最愛ベビーを宿したら、財閥御曹司に激しい独占欲で娶られました
「それで、ダリルは志遠さんをあんなにも尊敬しているんですね」

「ああ。俺に恩を返すと言って仕事を手伝ってくれている。俺は実家を継げと再三忠告しているんだがな。……さぁ、ついたぞ」

目的の住所にたどり着き、俺たちはそこに建っているアパートメントを見上げた。五階建ての、赤茶色い煉瓦の建物だ。

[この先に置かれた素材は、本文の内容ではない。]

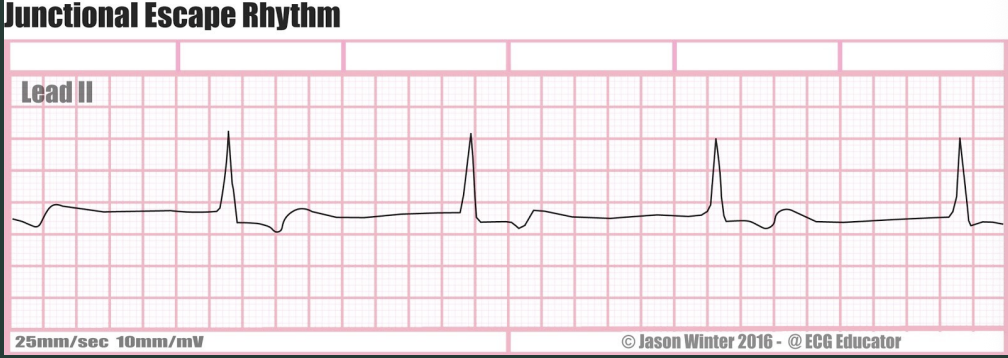 <p>What’s characteristic of a junctional escape rythm?</p>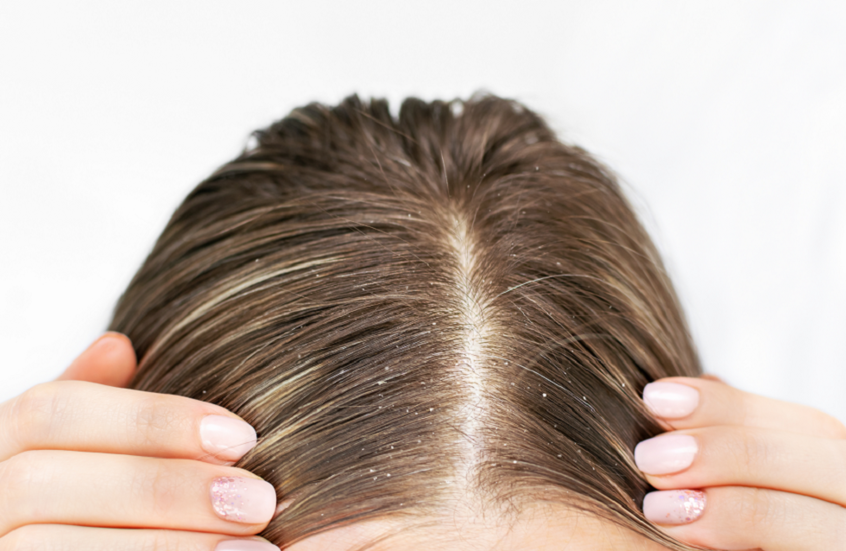 سبب خفي وراء قشرة الرأس المزعجة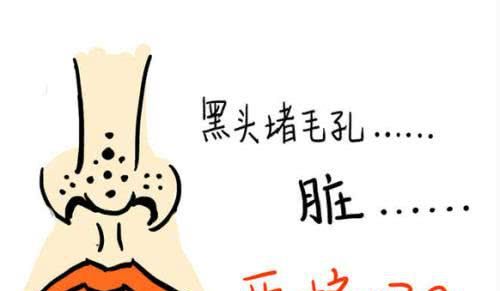 脸上黑头除不掉怎么办，鼻贴去黑头有用吗？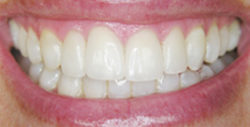 ba veneers 2 2 250x127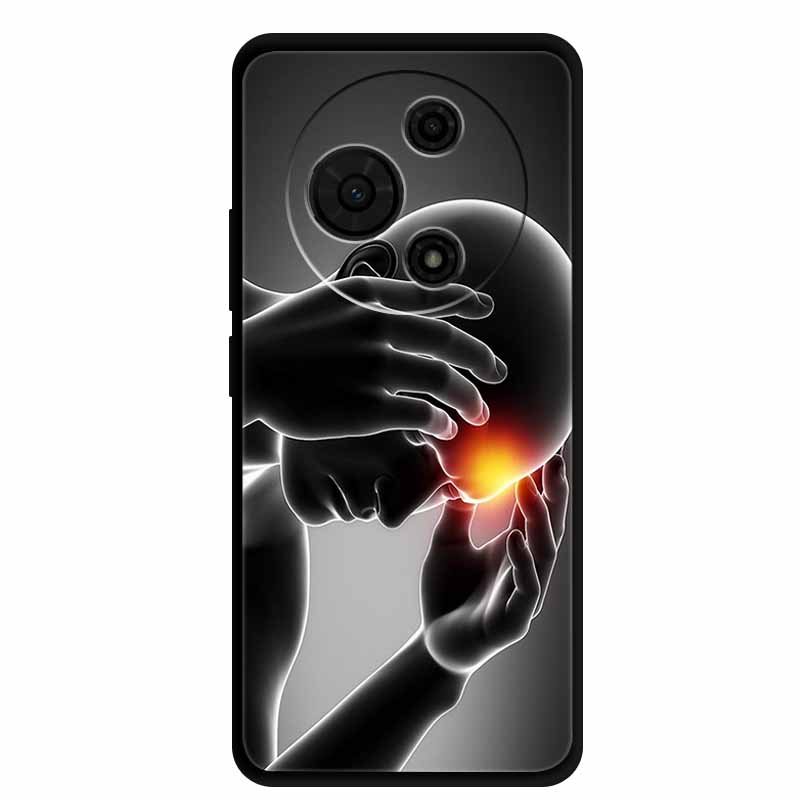 For TCL 605 Case 6.7” Cartoon Animal Shockproof Silicone Soft TPU Funda For TCL 605 Back Cover Protective Nubia Coque Military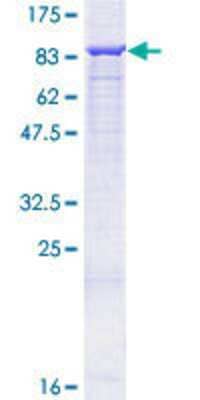 Western Blot: Recombinant Human 12-Lipoxygenase GST (N-Term) Protein [H00000239-P01]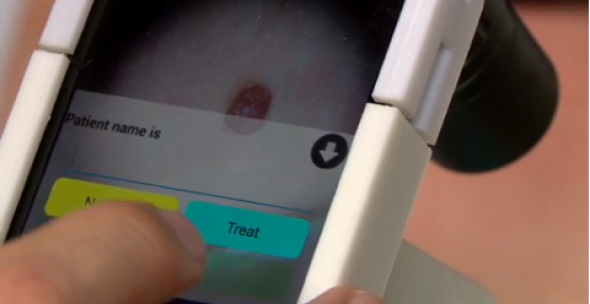 Smartphone συσκευή εντοπίζει τον καρκίνο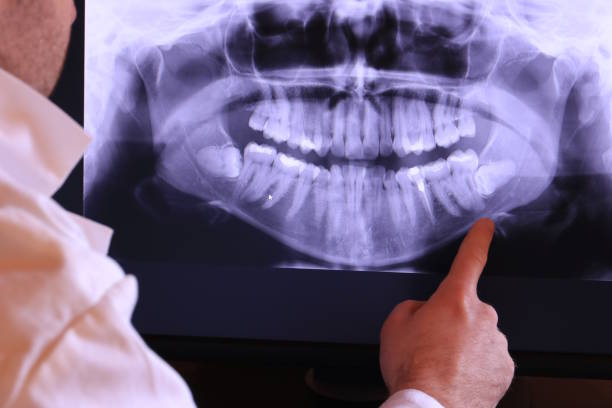 Best Emergency Dental Services for Seniors in Chester Gap, VA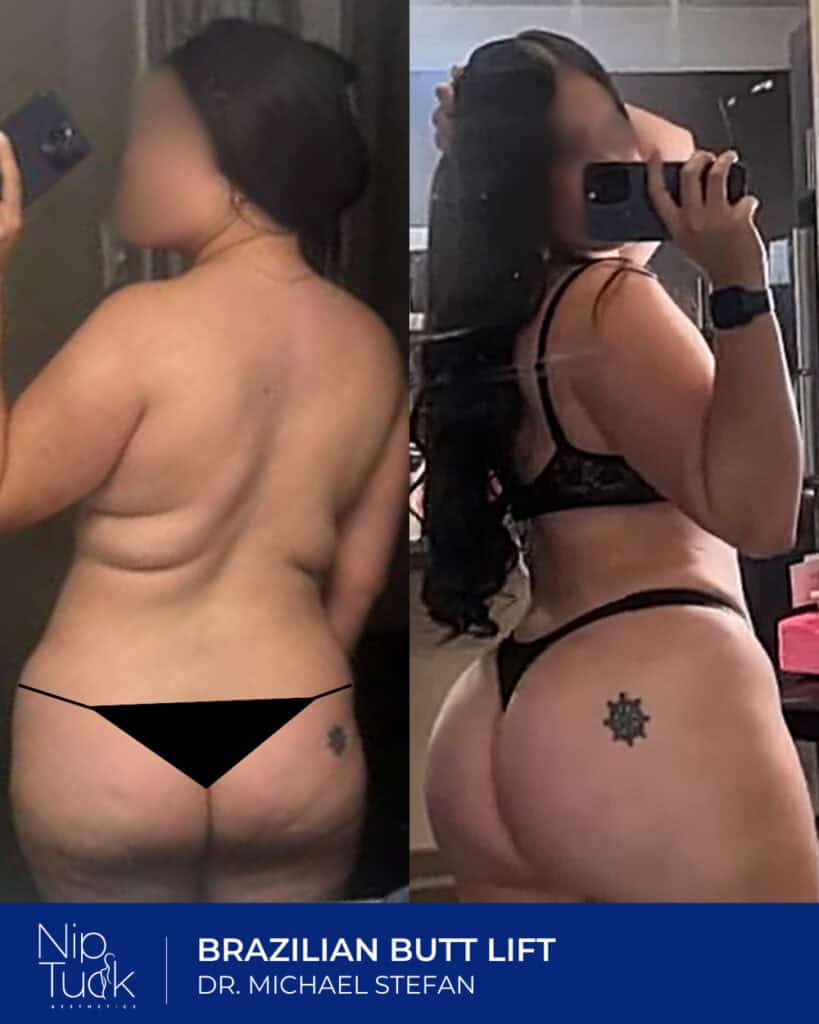 Brazilian butt lift transformation by Dr. Michael Stefan at Nip Tuck Aesthetics. Achieve a natural, shapely, and enhanced buttock contour.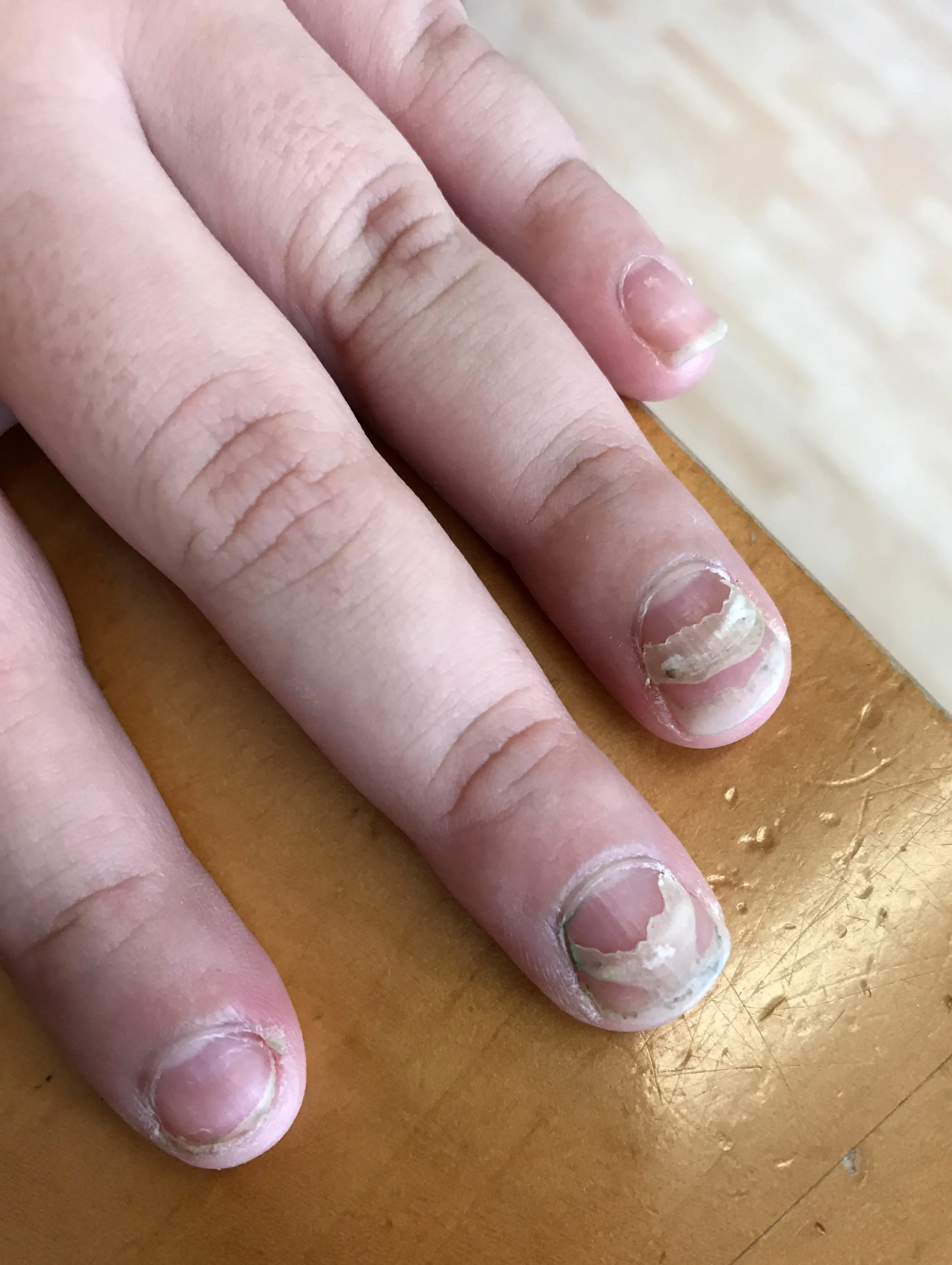 If Your Nails Won’t Stop Splitting, Don’t Ignore These Possible Causes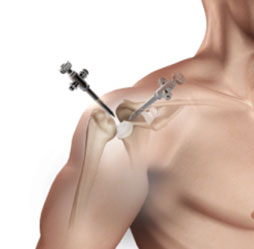 Reconstructive Shoulder Surgery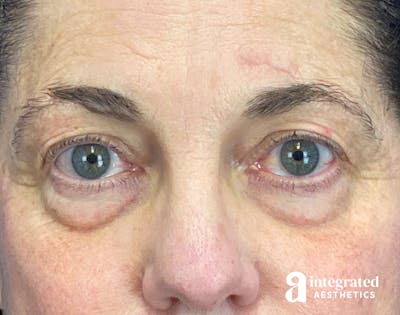 Blepharoplasty Before & After Gallery - Patient 272173 - Image 1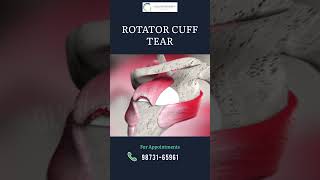 Rotator cuff tear 3D animation  Shoulder arthroscopy 3D animation shorts animatedvideo [upl. by Clinton566]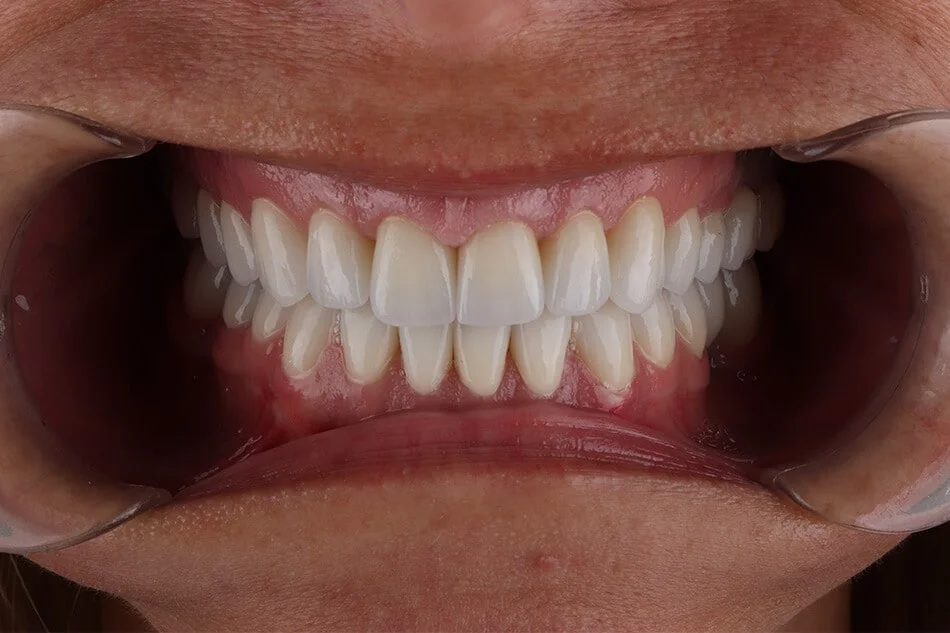 zorica-bezmetalne-posle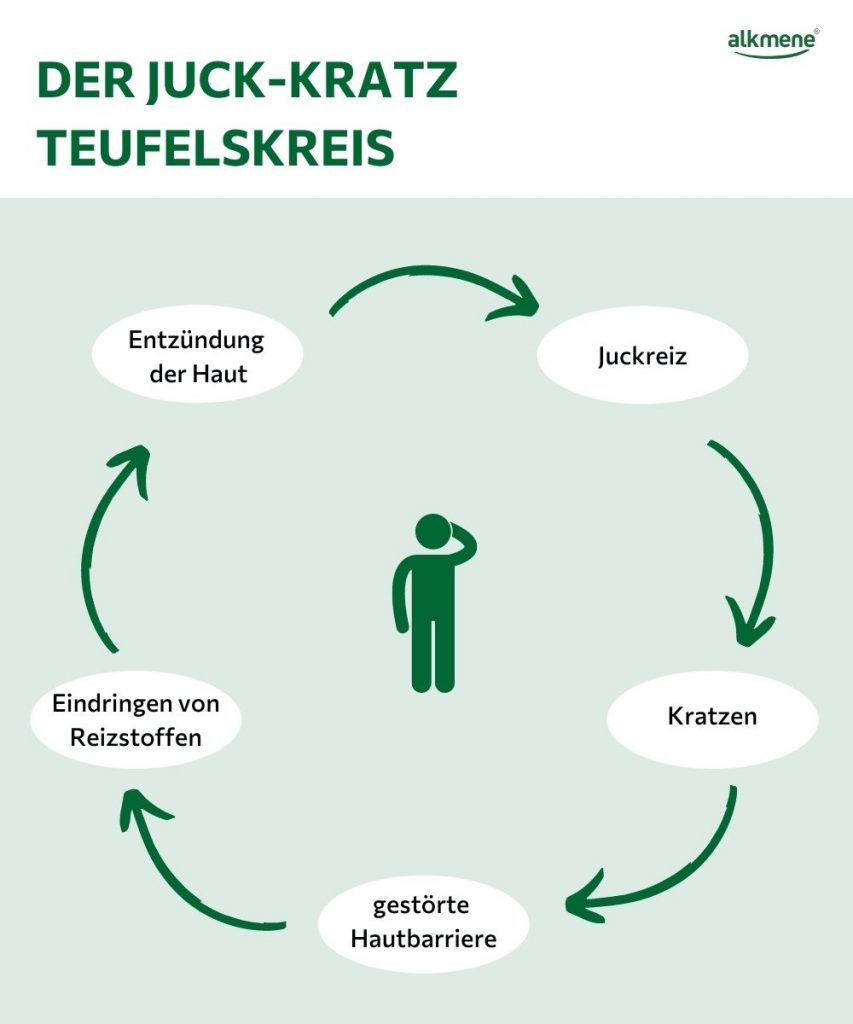 Wieso kribbelnde Kopfhaut? Infografik zu Ursachen von Kribbeln auf der Kopfhaut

陽芽の両親が住んでいたのは、おそらく三十年程前だろう。アパートメントがまだ存在していたことにまず俺たちは安堵した。

ここイギリスでは古ければ古いほど建物の価値が上がる。

このアパートメントも年月を重ねてはいるものの、周りに比べればまだまだ若造、徐々に味が出てきたといった印象の佇まいだった。

「三階、東の一番端――あそこでしょうか」

「陽芽。そっちは西。逆だ」

俺はそれらしき部屋の窓を指さす。

当然、今は別の人間が住んでいるようで、窓から白いカーテンがかけられているのが見える。

「訪ねてみるか?」

「……いえ。ここから見るだけでも、両親がどんな景色を見て生活していたか、わかりますから」

そう言って、陽芽はアパートメントを背にして立つ。正面には緑豊かな公園。その奥には静かな住宅街が広がっている。

両親がかつて見た光景を、想像しているのだろう。